問題があるとすれば、それはこっち側の問題だ。
私は借金の返済を終えるまでは答えを出すまいと騙し騙しで今日まで来ている。ヴィンセントもそれで不満はないと勝手に推測しているけど、もしかしてそうではない?
でも、求められたらそういう行為には応じているし、一緒に眠ることだってある。恋人同士のような距離感で居るのだから、言葉にしていなくても私の気持ちは伝わっているはず。
私たちは大人なんだから、一から百まで伝えなくても、お互いを尊重して気持ちを推し量れば、きっと擦れ違うことなんてない。
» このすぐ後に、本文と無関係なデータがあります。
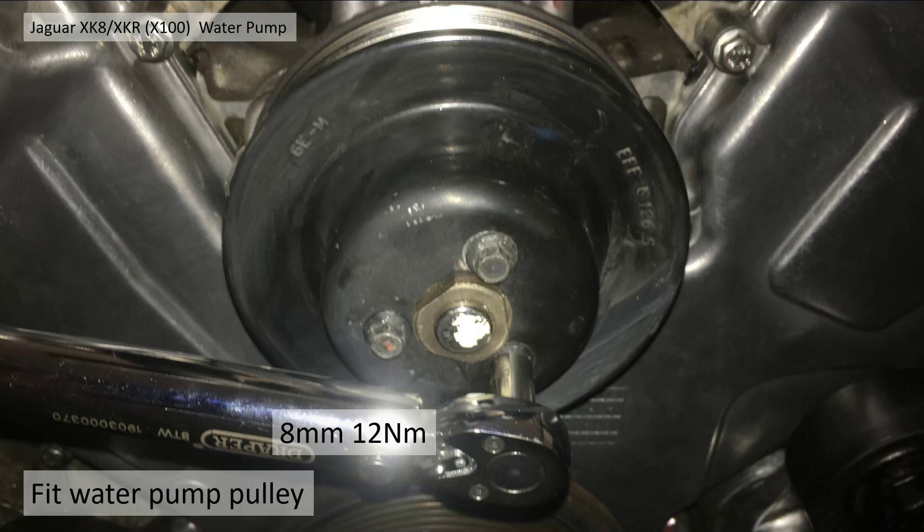Third is the water pump pulley. I've actually already fitted this but just for consistency, you need an 8 millimeter socket tightened up to 12 newton meters. You don't need any special tools to stop this rotating — hold it with your hand to achieve 12 newton meters quite easily.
「問題とかじゃなくて、まだその時ではないの。タイミングを見て私の気持ちも伝えるつもりよ」
「呑気に構えてるわねぇ。彼って若いんでしょう?」
「二十三だったと思うけど……」
「好かれてるからって胡座をかいていて大丈夫?今時の子ってすぐに次にいっちゃうわよ。うちの事務所の後輩も、別れたと思ったらもう彼女が出来てんの」
そう言いながら、話の中心はブリリアの弁護士事務所におけるオフィスラブに移って行った。私は笑ったり、自分の勝手な意見を述べたりしつつ、言われた言葉を心の奥に落とし込んだ。